4.  THE NATIONAL COALFIELDS PROGRAMME IS ALREADY DELIVERING HOUSING CHANGE IN SOME AREAS, AS PART OF ITS 8,000 NEW HOMES TARGET TO BE ACHIEVED OVER THE NEXT DECADE, FOR EXAMPLE, EP HAS APPROVED FUNDING FOR:

    —  300 new units at Silverdale Colliery in Newcastle-under-Lyme, North Staffordshire with the North Staffs Partnership.

    —  400 new homes at Bickershaw Colliery in Wigan.

    —  340 houses at the former Lampton Coke works site in Sunderland.

  3.5  EP is able to influence the timing of investment in these areas to best suit the wider Pathfinder strategies.

  3.6  EP has also "bent its mainstream programme" to housing needs in the coalfields areas. For example, EP has:

    —  set up Meden Valley Making Places SPV in Bolsover and Mansfield with local authorities and EMDA to support housing renewal alongside our joint commitment to Shirebrook colliery and other local coalfield sites. The Committee will recall its recommendation that this model could provide a way forward for tackling similar problems found elsewhere in the coalfields. We have since provided several HMR Pathfinders with briefings on Meden Valley and ODPM is using it as a best practice example in its support to Pathfinders. EP will review progress on Meden Valley during 2005 as the first stage of a formal evaluation of its performance;

    —  funded some local authorities to carry out housing market renewal research and other assistance—including in East Durham, Sunderland, West Yorkshire and West Cumbria; and

    —  liaised with the Regional Housing Boards to ascertain which of the 56 hotspots identified in the mapping exercise are also identified within the Regional Housing Strategies, identify where action is currently underway in these areas, and highlight whether further analysis/research is required to understand in more detail the market dynamics of these areas. This is intended to inform the revision of Strategies currently underway.

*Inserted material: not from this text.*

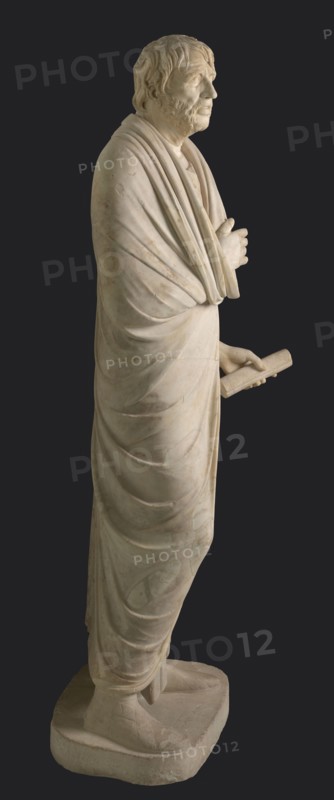 Depiction in the Pseudo-Seneca type, currently identified as a portrait of Aristophanes or Hesiod; creator, pseudo-Seneca, male portrait, Roman sculpture; marble; toga; end of the 1st century BC previously dated to 4th quarter of the 1st century BC; Latium; sculpture; weight 610 kg; height 183 cm; width 70 cm; depth 55 cm; base width 62.5 cm; base depth 47 cm., A full-length pale stone statue of a robed standing man shown in profile against a dark background, with a textured face and short wavy hair, a beard, and a contemplative expression; he is draped in layered flowing garments with visible folds and creases, one arm crossed near his chest and the other extended holding a rolled object; he stands on a rectangular base wearing footwear that is partly visible; the visible colors are pale off-white and beige of the stone, with a dark gray background.
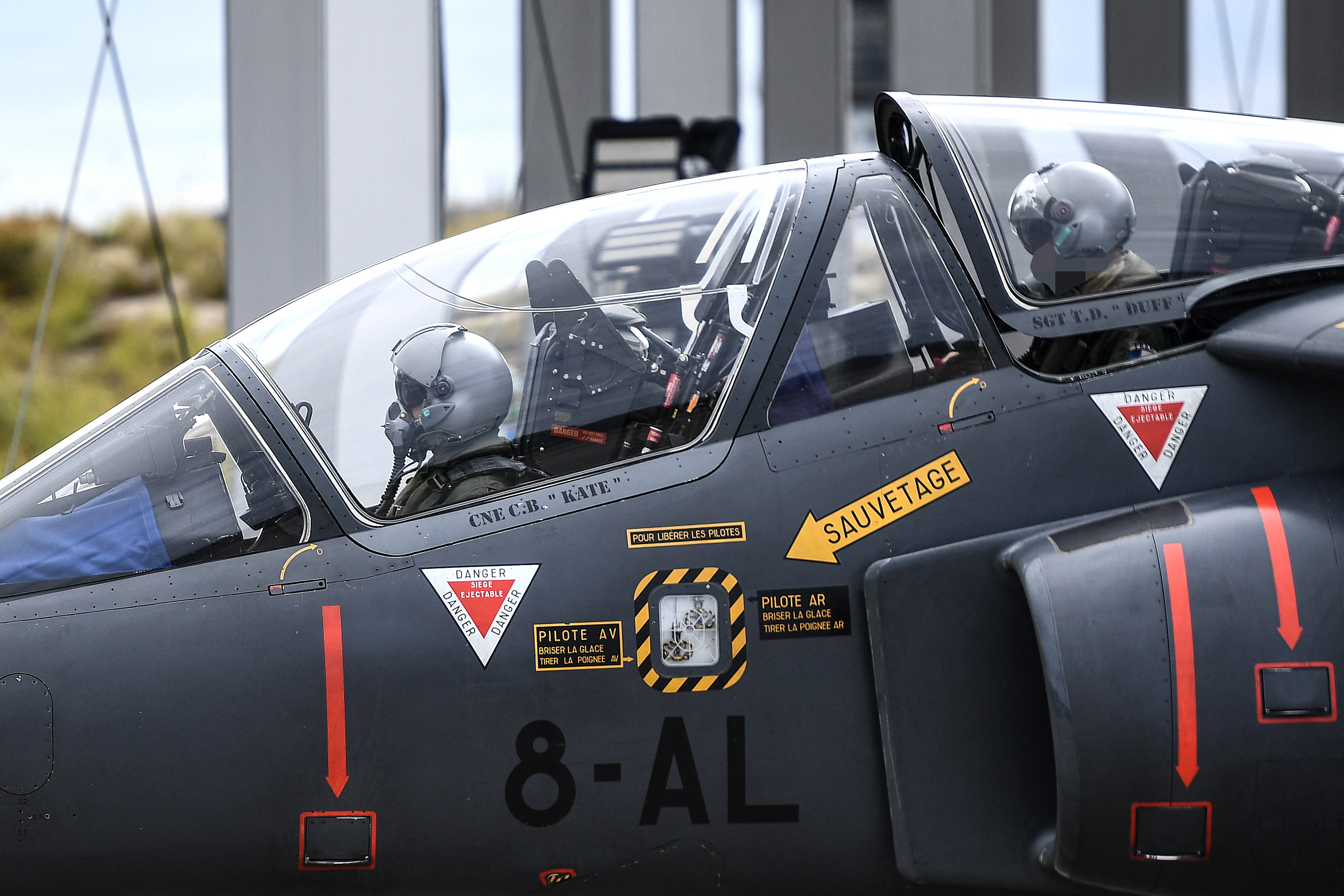 An Ukrainian trainee (L) and a French military instructor (R) move towards a take-off runway for a flight onboard an Alpha Jet fighter jet, at a French Army air base in south-western France on June 14, 2024. In the face of the slow but steady advance of the Russian army in Ukraine, Ukraine urgently needs 120 to 130 fighter jets to end Moscow's dominance in the air, but to operate these technological jewels, operational pilots are needed, which takes months or even years to train. To achieve this, France has committed to training 26 Ukrainian pilots over two years, which represents an effort for its Air Force, which is used to instructing about 30 French pilots per year, as well as proposing the transfer of several Mirage 2000-5s. (Photo by Christophe ARCHAMBAULT / AFP) (Photo by CHRISTOPHE ARCHAMBAULT/AFP via Getty Images)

  3.7  EP is also active in other non-coalfield low demand areas. For example, we are working jointly with Lancaster City Council, NWDA and the Housing Corporation to fund a masterplan to transform the West End of Morecambe by increasing the proportion of owner-occupiers and the range of house type and tenure available, reducing the empty homes in the area and enhancing the overall environment.

CONCLUSION

  As well as direct project delivery, given our national remit EP can play a role in the dissemination of best practice across Pathfinders and low demand areas in a similar way to that already underway for other national programmes such as coalfields, URCs and Millennium Communities.